PROBLEM TO WORK ON = Restate word for word the entries below, starting at the line with "Infostand Tierschutzfestival Berlin" and ending at the line with "Шина Б/У 285/60". Keep both end lines and omit the pictures.

DATA FOR THIS TASK =
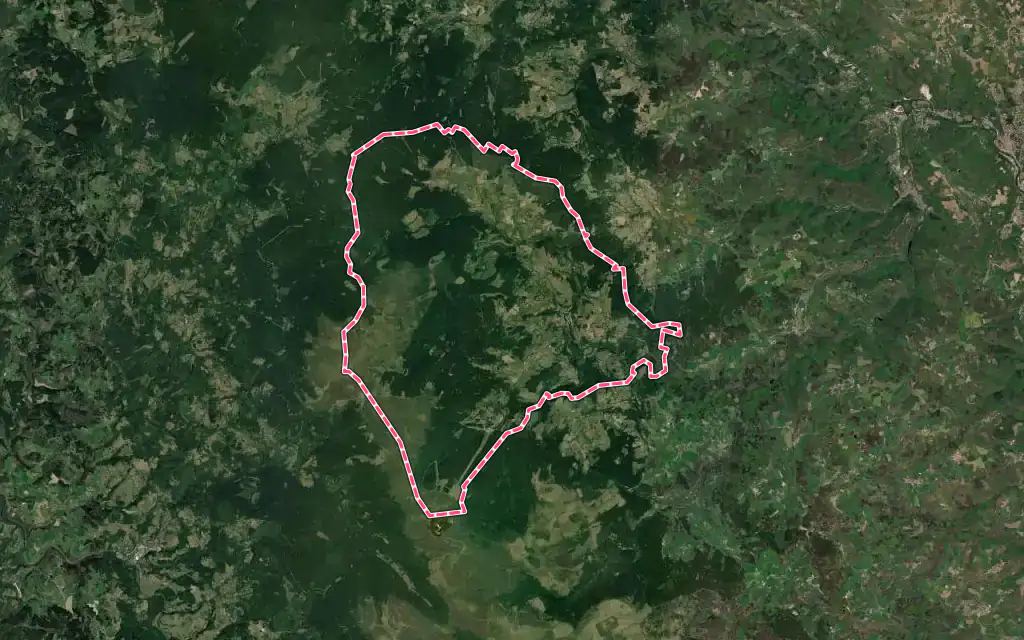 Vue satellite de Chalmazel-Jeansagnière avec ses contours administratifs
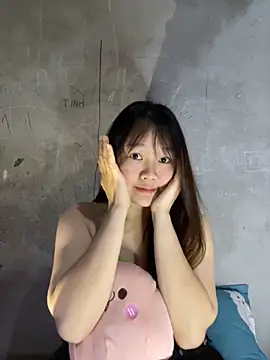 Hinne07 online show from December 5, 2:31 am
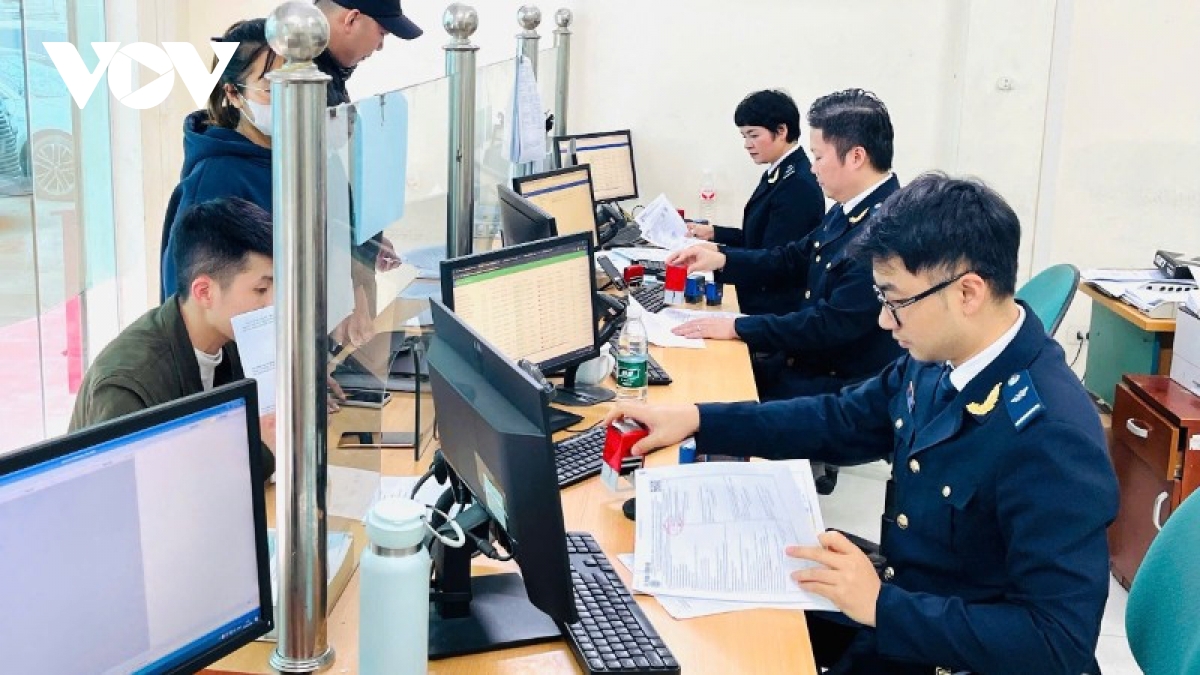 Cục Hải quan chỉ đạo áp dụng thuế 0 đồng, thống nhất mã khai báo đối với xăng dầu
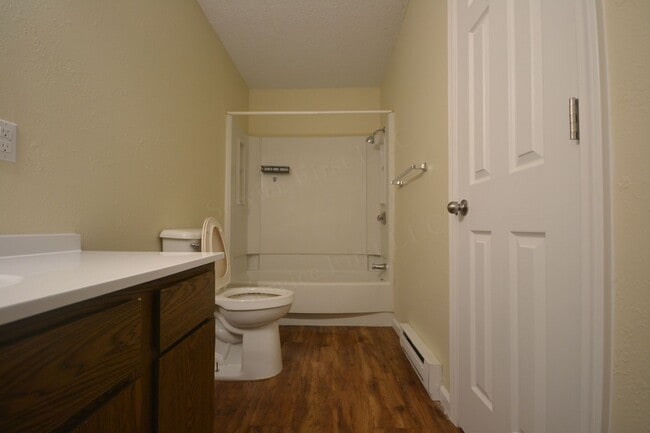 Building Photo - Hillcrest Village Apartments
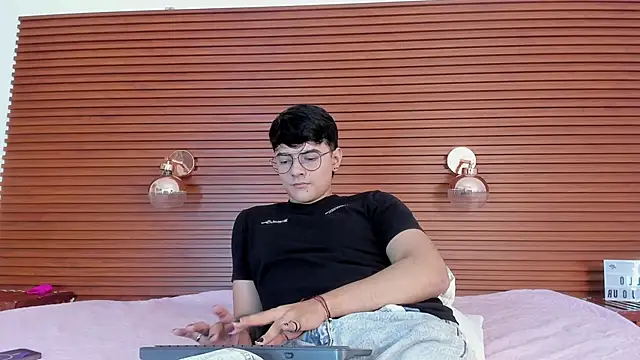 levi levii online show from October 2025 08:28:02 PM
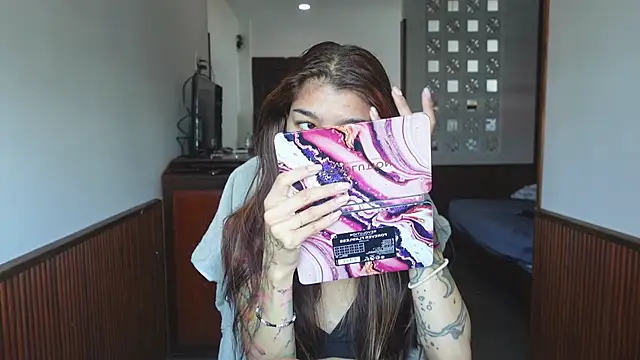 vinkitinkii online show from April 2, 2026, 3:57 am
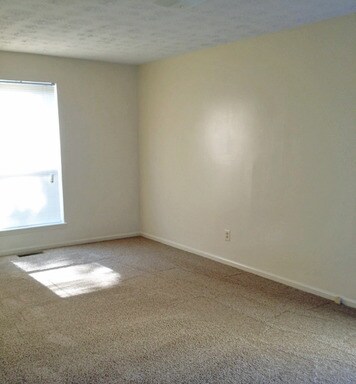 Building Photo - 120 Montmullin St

==

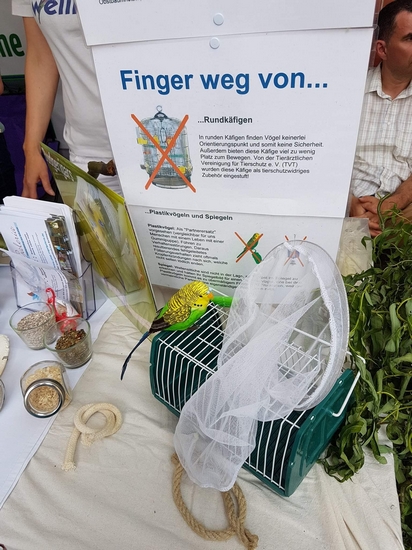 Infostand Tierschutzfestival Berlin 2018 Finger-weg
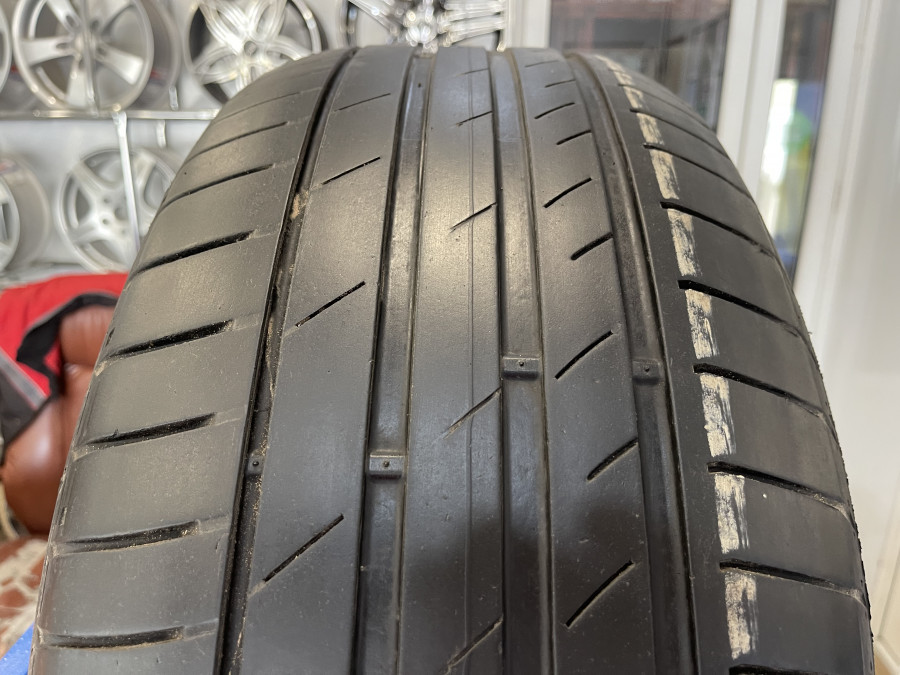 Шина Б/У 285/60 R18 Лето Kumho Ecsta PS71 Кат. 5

--

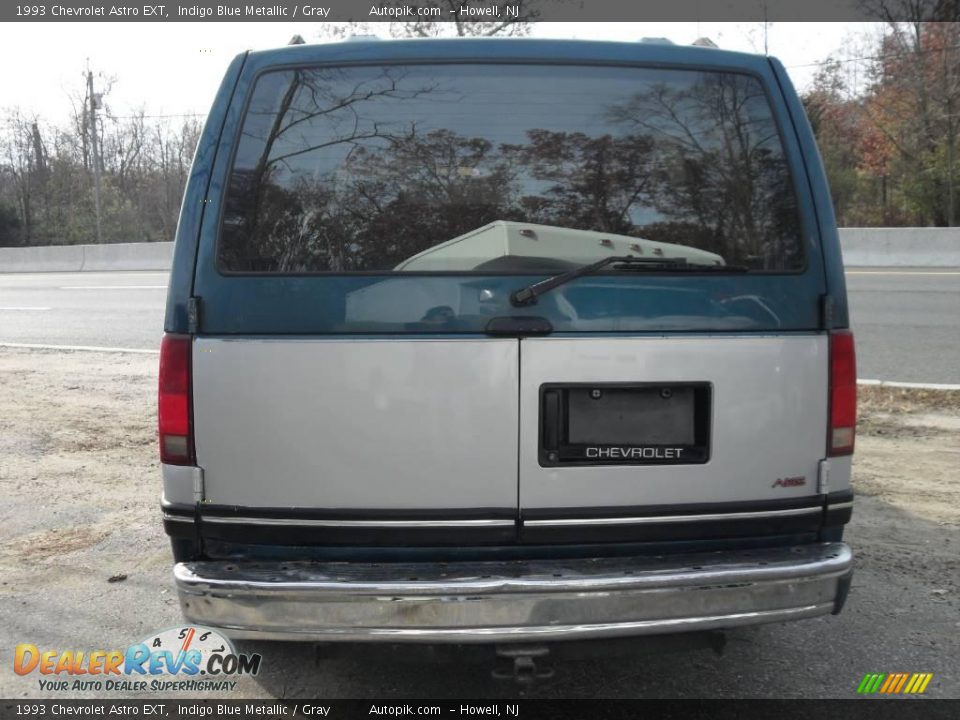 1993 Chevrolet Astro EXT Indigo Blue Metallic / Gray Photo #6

RESPONSE BOX =
 Infostand Tierschutzfestival Berlin 2018 Finger-weg
 Шина Б/У 285/60 R18 Лето Kumho Ecsta PS71 Кат. 5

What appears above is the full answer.